Unlike me, the Washington Post rarely gives out four star reviews, and when they do it's for sure a movie to be taken notice of. Their most recent one to my knowledge was Guardians of the Galaxy, a very fitting rating for such a fantastic piece of pop art. So back when, around April or so, I saw Locke got it's highest possible rating, I added it instantly to my list of movies to check out for later. When I finally got the opportunity to watch it, I popped it in with eagerness, anxious to see how if it's praise and lauding was legit...and I've never been so thankful for the Washington Post.
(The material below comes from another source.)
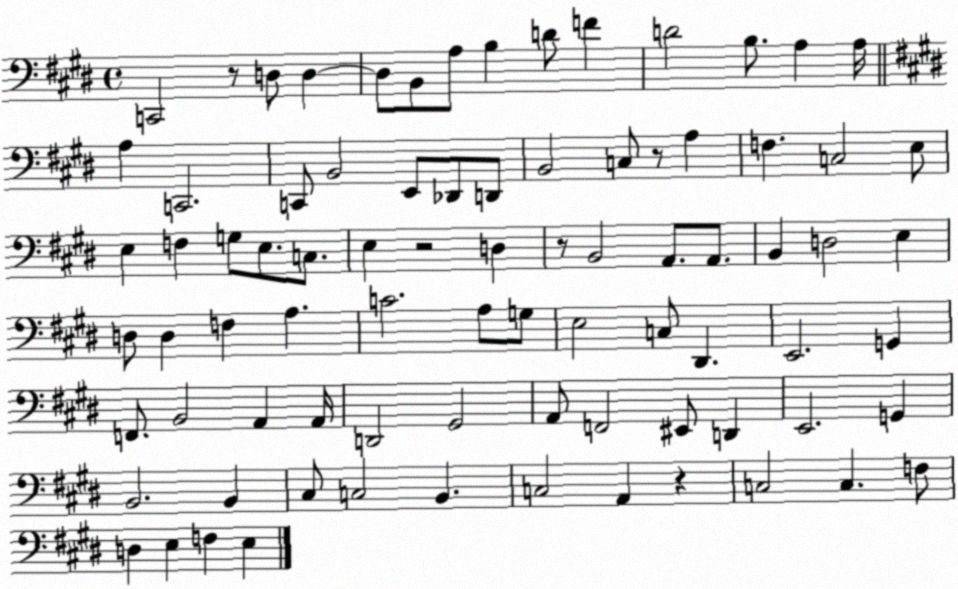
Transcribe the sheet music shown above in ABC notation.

This review may be short, as describing what Locke concerns is giving away the movie's very element of surprise, how it creeps up on you. How you slowly, and this is all I'll say, start to realize that, however confident and reassuring his Ivan Locke may appear, Tom Hardy plays a man who in the course of a few hours begins to experience his life deteriorate before him, vanish into thin air as he drives to a destination he won't allow himself to be absent from. I w
ill provide some interesting trivia: the movie was filmed in the course of one night, and then repeated for a week, with voice actors in hotels reciting their lines as Tom Hardy picked up the calls on his car's phone system. So what we're seeing is essentially a play performance, cut together to include the best takes, with a stylish background of cars, streetlights and signs in-between the monologues and dialogues Locke exchanges with family, coworkers and...others.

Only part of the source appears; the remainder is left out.